La rauda protesta de los republicanos españoles (antes hubo otra experiencia que debe ser analizada acá, la de Podemos, en las elecciones de diputados al Parlamento Europeo) fue posible gracias a las redes sociales. Los controles informativos tradicionales son superados mediante la comunicación directa de internautas. Así como en España, en México las monarquías resultan costosas, dañinas e inaceptables. Acá no habrá abdicaciones ni relevos principescos, todo disfrazado de democracia y elecciones. El esquema monarquista mexicano radica en el pacto tripartidista, en la complicidad de los grandes empresarios descomunalmente beneficiados, los clérigos, en general bien entendidos con los poderes terrenos, las televisoras adormecedoras y distorsionadoras y la consecuente abulia cívica.
Un periodista más ha caído. Según las denuncias publicadas sobre el caso, Jorge Torres Palacios, quien era vocero de la oficina de salud del gobierno municipal de Acapulco (antes había ocupado otros cargos similares en áreas oficiales), fue secuestrado la noche del pasado jueves por una docena de personas armadas que en tres vehículos llegaron al domicilio del comunicador y se lo llevaron a bordo de su propio automóvil.
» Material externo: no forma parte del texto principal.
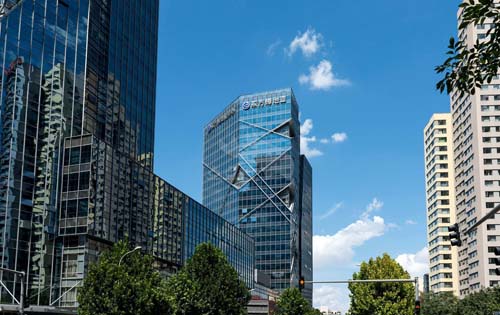 东方梅地亚中心周边环境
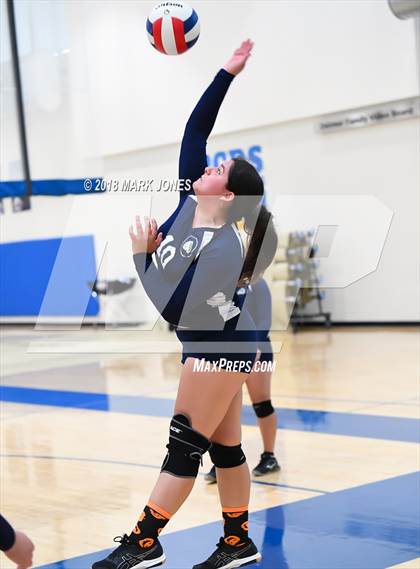 Thumbnail 1 in Valley Lutheran vs. NFL Yet Academy (PCDS Desert Classic) photogallery.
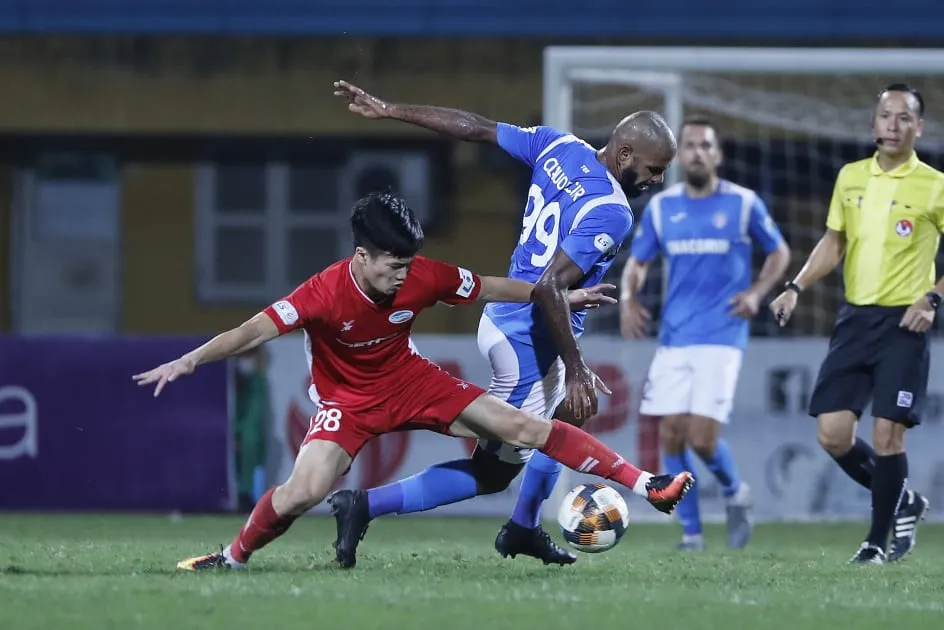 Lại thắng 1-0, Viettel tiến gần hơn ngôi vương LS V-League 2020 ảnh 1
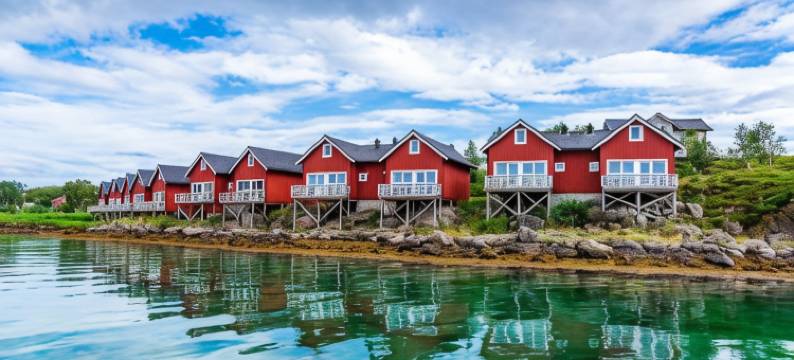 韦斯特龙海岸酒店(Vesterålen Kysthotell)图片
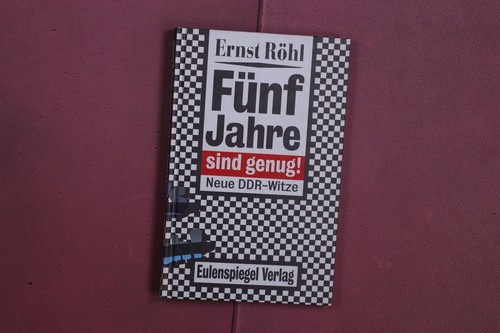 402323 ernst röhl fünf jahre - fÜnf,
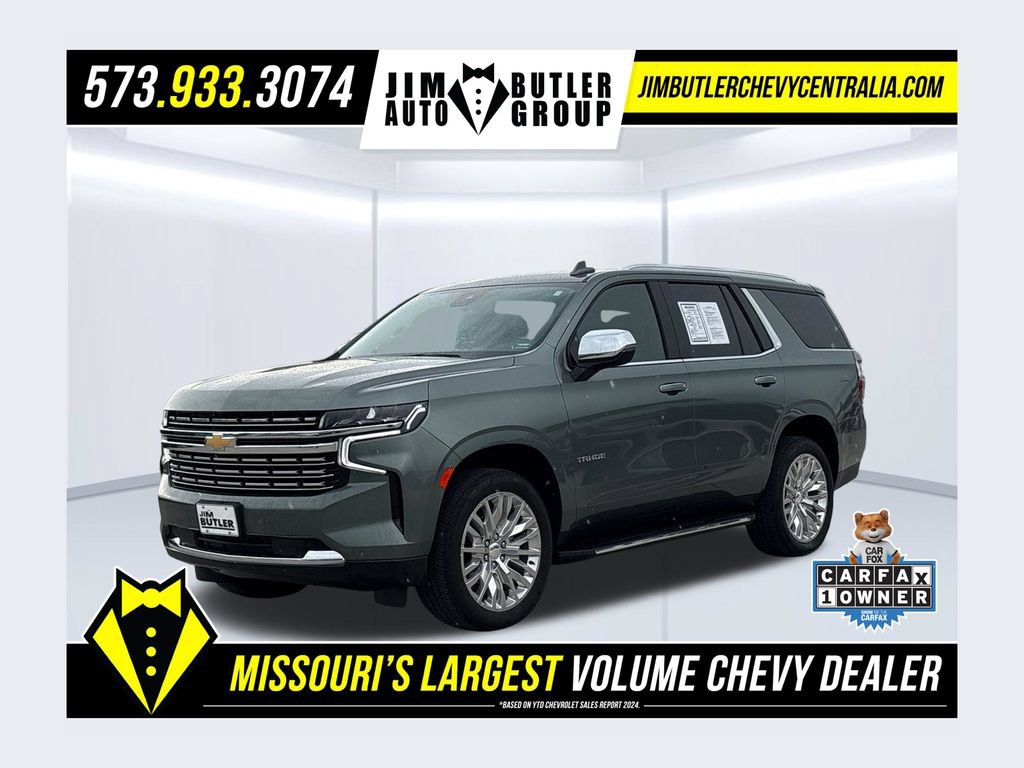 Used 2024 Chevrolet Tahoe Premier
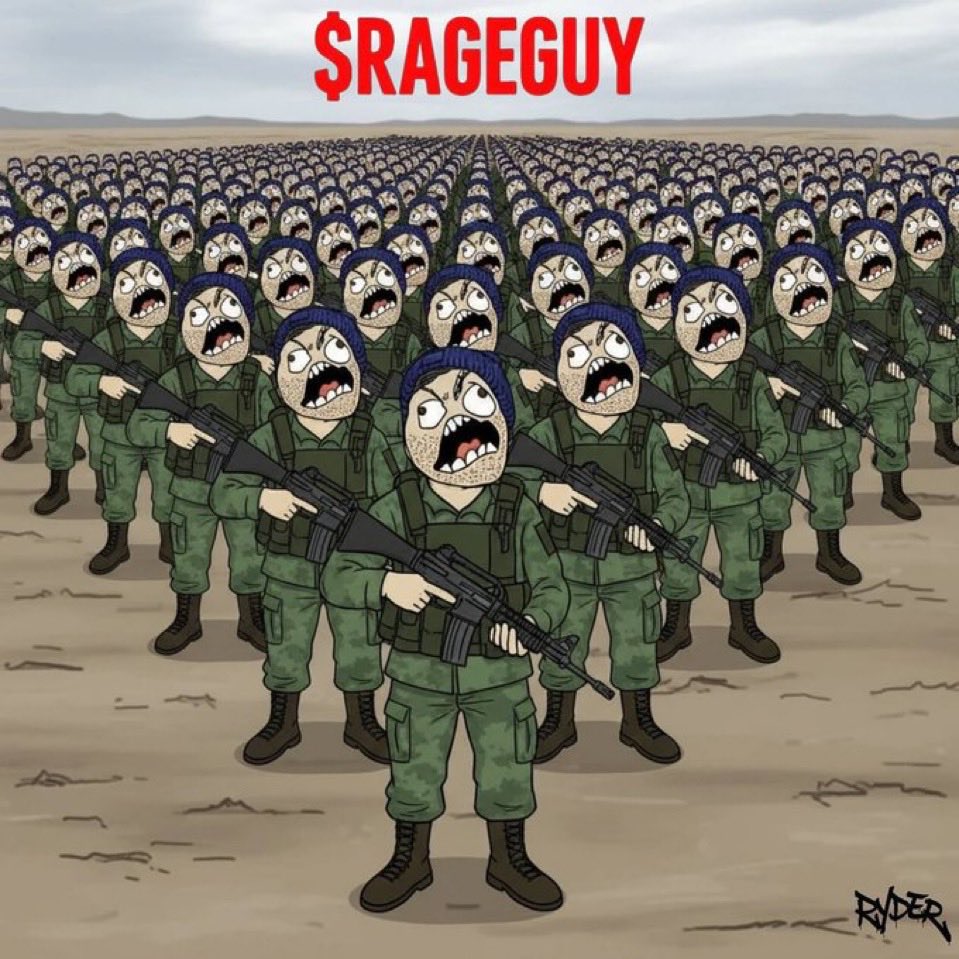 DelBoyMetaX's tweet image. The best meme in town

$RAGEGUY

GvV7sFu6FHJsSVXfpG7xqFnWar3c7YkcC74rqe7Bpump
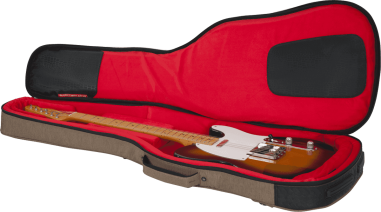 Housse Série Transit pour guitare électrique marron
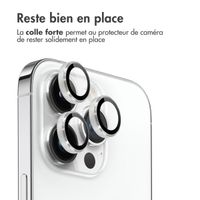 imoshion ﻿Lot de 2 protections d'objectif de caméra Apple iPhone 14 Pro / 14 Pro Max - Argent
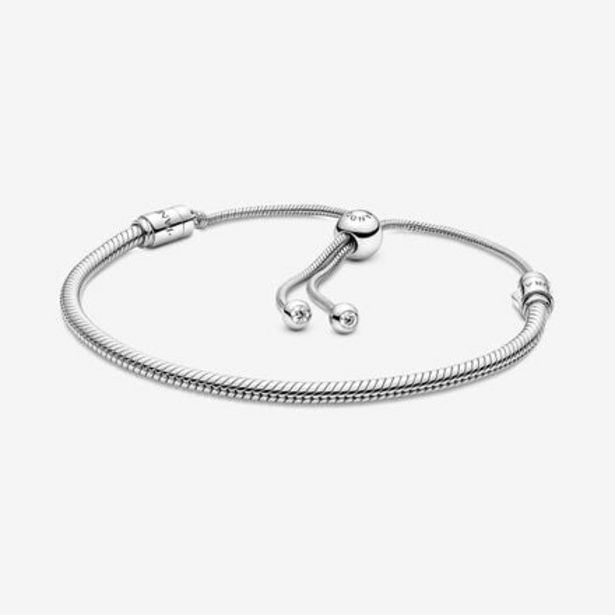 Bracelet Coulissant Maille Serpent Pandora Moments offre à 59€ sur Pandora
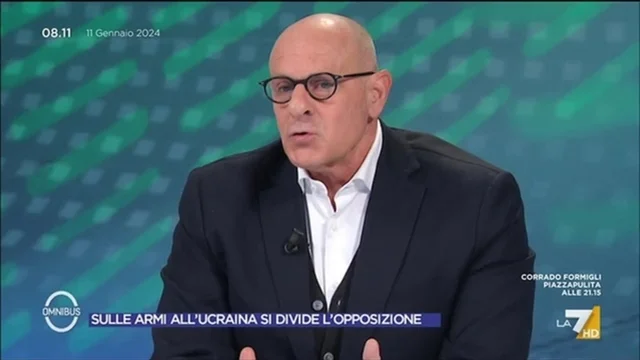 Sulle armi all'Ucraina si dividono le opposizioni - Omnibus, 11/01/2024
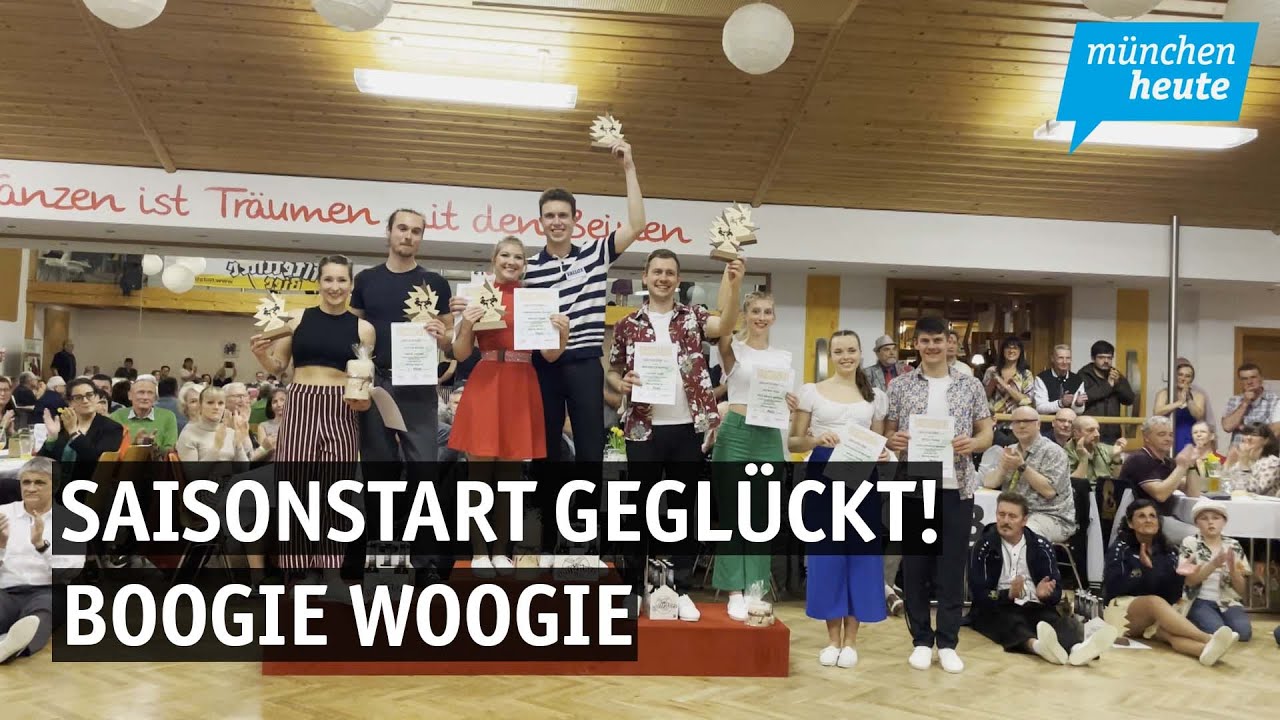 Saisonstart geglückt! Theresa Sommerkamp und Elian Preuhs gewinnen Boogie Woogie Auftaktturnier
El primero de enero de 2001, el padre, un hermano y un primo de Jorge fueron asesinados durante una confrontación a tiros con pistoleros y familiares de un narcotraficante en el poblado Kilómetro 30, del municipio de Acapulco.
El secuestro de Torres Palacios movilizó a periodistas de la entidad, quienes reprocharon la inmovilidad e ineficacia del alcalde porteño Luis Walton y del gobernador Ángel Aguirre para garantizar seguridad y resolver lo denunciado. En Chilpancingo, periodistas llegaron hasta la 35 zona militar para exigir que Jorge apareciera vivo. Dado que se realizaba un cambio de comandante regional y los reporteros buscaban ser atendidos, ‘‘hubo un jaloneo entre los soldados, que aplicaron técnicas de sometimiento contra los comunicadores. Mientras esto ocurría afuera, en la explanada principal de la zona castrense otro grupo de comunicadores increpaba al gobernador Ángel Aguirre para plantearle el caso de Torres Palacios. Al final se acordó la instalación de una mesa de diálogo en la residencia oficial Casa Guerrero, lugar en el que se darían a conocer los avances de las investigaciones que se han realizado sobre el caso (http://bit.ly/U7qOAd). Muy pocas horas después apareció el cadáver del periodista torturado y secuestrado. Uno más.
Y, mientras vuelan las cifras alegres de Peña Nieto respecto de 3 millones de mexicanos que ‘‘hoy ya tienen seguridad alimentaria’’ (¿sería sólo ese ‘‘hoy’’, es decir, ayer, y ya?) gracias a la Cruzada contra el Hambre que encabezan Rosario Robles y su virtual subsecretario ejecutivo, Ramón Sosamontes, ¡hasta mañana, en esta columna que sigue sin conocer actas o pruebas democráticas firmes (no rollo) que sustenten destapes morenos!